Background You just started your internship at a big firm in New York, and your manager gave you an extensive file of flights that departed JFK, LGA, or EWR in 2013. From this data (nycflights13::flights), which you can obtain in R (install.packages(“nycflights13”); library(nycflights13)), your manager wants you to answer the following questions;
If I am leaving before noon, which two airlines do you recommend at each airport (JFK, LGA, EWR) that will have the lowest delay time at the 75th percentile? Which origin airport is best to minimize my chances of a late arrival when I am using Delta Airlines? Which destination airport is the worst (you decide on the metric for worst) airport for arrival time?
install.packages(“nycflights13”)
library(nycflights13)
library(tidyverse)
## -- Attaching packages --------------------- tidyverse 1.2.1 --
## v ggplot2 3.1.1 v purrr 0.3.2
## v tibble 2.1.1 v dplyr 0.8.0.1
## v tidyr 0.8.3 v stringr 1.4.0
## v readr 1.3.1 v forcats 0.4.0
## -- Conflicts ------------------------ tidyverse_conflicts() --
## x dplyr::filter() masks stats::filter()
## x dplyr::lag() masks stats::lag()
If I am leaving before noon, which two airlines do you recommend at each airport (JFK, LGA, EWR) that will have the lowest delay time at the 75th percentile?

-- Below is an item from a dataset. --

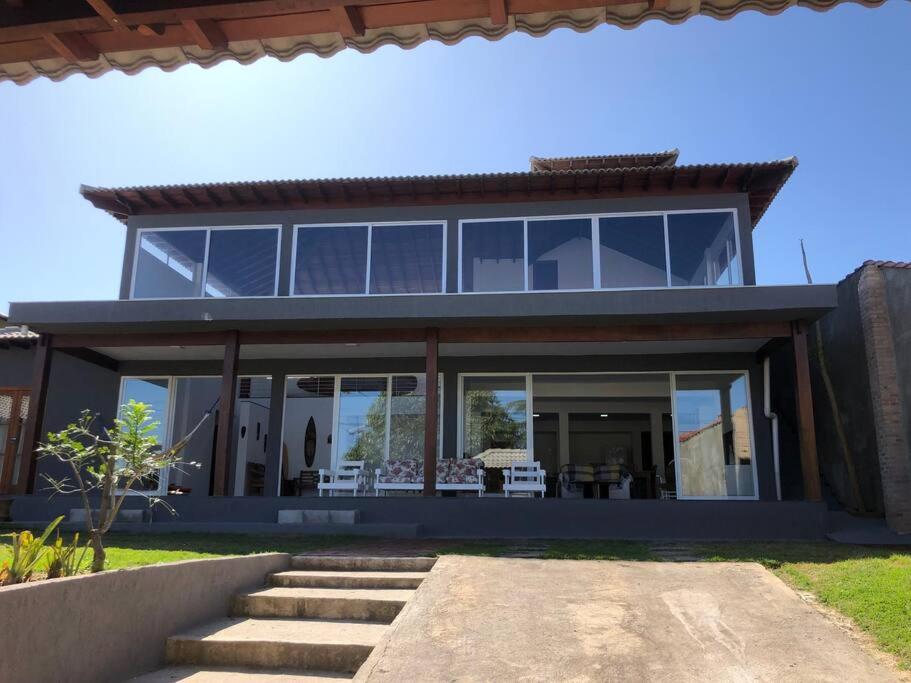Casa maravilhosa a 2 quadras da praia - 5 suites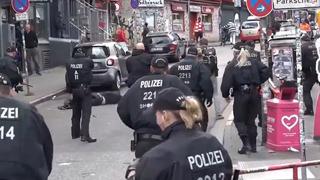 EURO 2024'e kan sıçradı! Alman polisi, Hollanda-Polonya maçı öncesi baltalı taraftarı vurarak etkisiz hale getirdi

– SkyWest Airlines Inc. According to the ggplot below, n() -delays- is lower for SkyWest Airlines Inc. than for any other carrier.
library(nycflights13)
nycflights13::flights
## # A tibble: 336,776 x 19
## year month day dep_time sched_dep_time dep_delay arr_time
## <int> <int> <int> <int> <int> <dbl> <int>
## 1 2013 1 1 517 515 2 830
## 2 2013 1 1 533 529 4 850
## 3 2013 1 1 542 540 2 923
## 4 2013 1 1 544 545 -1 1004
## 5 2013 1 1 554 600 -6 812
## 6 2013 1 1 554 558 -4 740
## 7 2013 1 1 555 600 -5 913
## 8 2013 1 1 557 600 -3 709
## 9 2013 1 1 557 600 -3 838
## 10 2013 1 1 558 600 -2 753
## # ... with 336,766 more rows, and 12 more variables: sched_arr_time <int>,
## # arr_delay <dbl>, carrier <chr>, flight <int>, tailnum <chr>,
## # origin <chr>, dest <chr>, air_time <dbl>, distance <dbl>, hour <dbl>,
## # minute <dbl>, time_hour <dttm>
nycflights13::airlines
## # A tibble: 16 x 2
## carrier name
## <chr> <chr>
## 1 9E Endeavor Air Inc.
## 2 AA American Airlines Inc.
## 3 AS Alaska Airlines Inc.
## 4 B6 JetBlue Airways
## 5 DL Delta Air Lines Inc.
## 6 EV ExpressJet Airlines Inc.
## 7 F9 Frontier Airlines Inc.
## 8 FL AirTran Airways Corporation
## 9 HA Hawaiian Airlines Inc.
## 10 MQ Envoy Air
## 11 OO SkyWest Airlines Inc.
## 12 UA United Air Lines Inc.
## 13 US US Airways Inc.
## 14 VX Virgin America
## 15 WN Southwest Airlines Co.
## 16 YV Mesa Airlines Inc.
nycflights13::airports
## # A tibble: 1,458 x 8
## faa name lat lon alt tz dst tzone
## <chr> <chr> <dbl> <dbl> <int> <dbl> <chr> <chr>
## 1 04G Lansdowne Airport 41.1 -80.6 1044 -5 A America/New_~
## 2 06A Moton Field Municipa~ 32.5 -85.7 264 -6 A America/Chic~
## 3 06C Schaumburg Regional 42.0 -88.1 801 -6 A America/Chic~
## 4 06N Randall Airport 41.4 -74.4 523 -5 A America/New_~
## 5 09J Jekyll Island Airport 31.1 -81.4 11 -5 A America/New_~
## 6 0A9 Elizabethton Municip~ 36.4 -82.2 1593 -5 A America/New_~
## 7 0G6 Williams County Airp~ 41.5 -84.5 730 -5 A America/New_~
## 8 0G7 Finger Lakes Regiona~ 42.9 -76.8 492 -5 A America/New_~
## 9 0P2 Shoestring Aviation ~ 39.8 -76.6 1000 -5 U America/New_~
## 10 0S9 Jefferson County Intl 48.1 -123. 108 -8 A America/Los_~
## # ... with 1,448 more rows
ggplot(flights, aes(x = carrier, y = arr_delay))+
geom_count()+
theme(axis.text.x=element_text(angle=90, hjust=1))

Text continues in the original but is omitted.